The cannabis rules then proceed to list various examples of what does, and does not, constitute a financial interest. The psilocybin rules will likely do the same.

In any case, it is clear that the Measure 109 drafters intended to keep Oregon psilocybin smallish to start. Verticality will be allowed, in the sense that the same individual may own a holding company, for example, which owns a psilocybin production center and couple of service centers. But the limitations will be pretty strict beyond that.

Finally, with respect to the rules generally, one helpful fact is that the gentleman charged with drafting them is a lawyer named Jesse Sweet. Mr. Sweet also served as a primary drafter of the OLCC’s marijuana rules back in the day.
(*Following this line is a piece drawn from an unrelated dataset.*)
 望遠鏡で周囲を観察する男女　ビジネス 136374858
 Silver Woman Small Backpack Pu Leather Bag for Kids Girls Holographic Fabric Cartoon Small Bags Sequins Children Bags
During his tenure, the OLCC made changes to its residency rules, “financial interest” rules, and related guidance for cannabis businesses. It’s a boon for OHA and Oregon psilocybin to have someone experienced in the role here.

You might have to pay a ton of tax

Notwithstanding Measure 109, psilocybin (like psilocin) is still listed on schedule I of the federal Controlled Substances Act. This means that any business “trafficking” in psilocybin will be subject to IRC § 280E to some extent.
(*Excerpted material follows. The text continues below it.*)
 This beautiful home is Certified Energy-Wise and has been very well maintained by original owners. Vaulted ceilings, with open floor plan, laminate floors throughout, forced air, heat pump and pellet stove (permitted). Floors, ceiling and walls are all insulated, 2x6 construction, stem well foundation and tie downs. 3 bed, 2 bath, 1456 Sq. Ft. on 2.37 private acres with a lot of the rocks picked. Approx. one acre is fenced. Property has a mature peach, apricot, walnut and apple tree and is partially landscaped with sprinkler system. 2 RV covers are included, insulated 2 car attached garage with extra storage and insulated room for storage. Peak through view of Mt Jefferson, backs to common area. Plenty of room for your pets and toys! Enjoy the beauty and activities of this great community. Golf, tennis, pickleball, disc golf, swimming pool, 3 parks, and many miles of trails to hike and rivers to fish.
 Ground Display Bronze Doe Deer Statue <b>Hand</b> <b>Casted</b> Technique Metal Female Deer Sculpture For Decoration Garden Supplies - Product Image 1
As with cannabis, the applicability of § 280E will also vary by business and business type. Psilocybin manufacturers and service centers will both feel the bite of § 280E. Of the two, service centers will have it worse because they won’t be able to categorize much as “cost of goods sold” (COGS)– aside from direct wholesale inventory costs.

My guess is we will see certain service centers try to avail themselves of “separate trade or business” status, by bifurcating business lines. (Hey, we’re also an art gallery!) Certain efforts may be defensible, but there are fairly clear “dos and don’ts” with this, as people have learned—usually the hard way—from the cannabis tax cases.

Finally, as to licensed facilitators, these professionals may be able to take the position that § 280E does not apply to their earnings. But I’ll leave this to the psilocybin CPAs.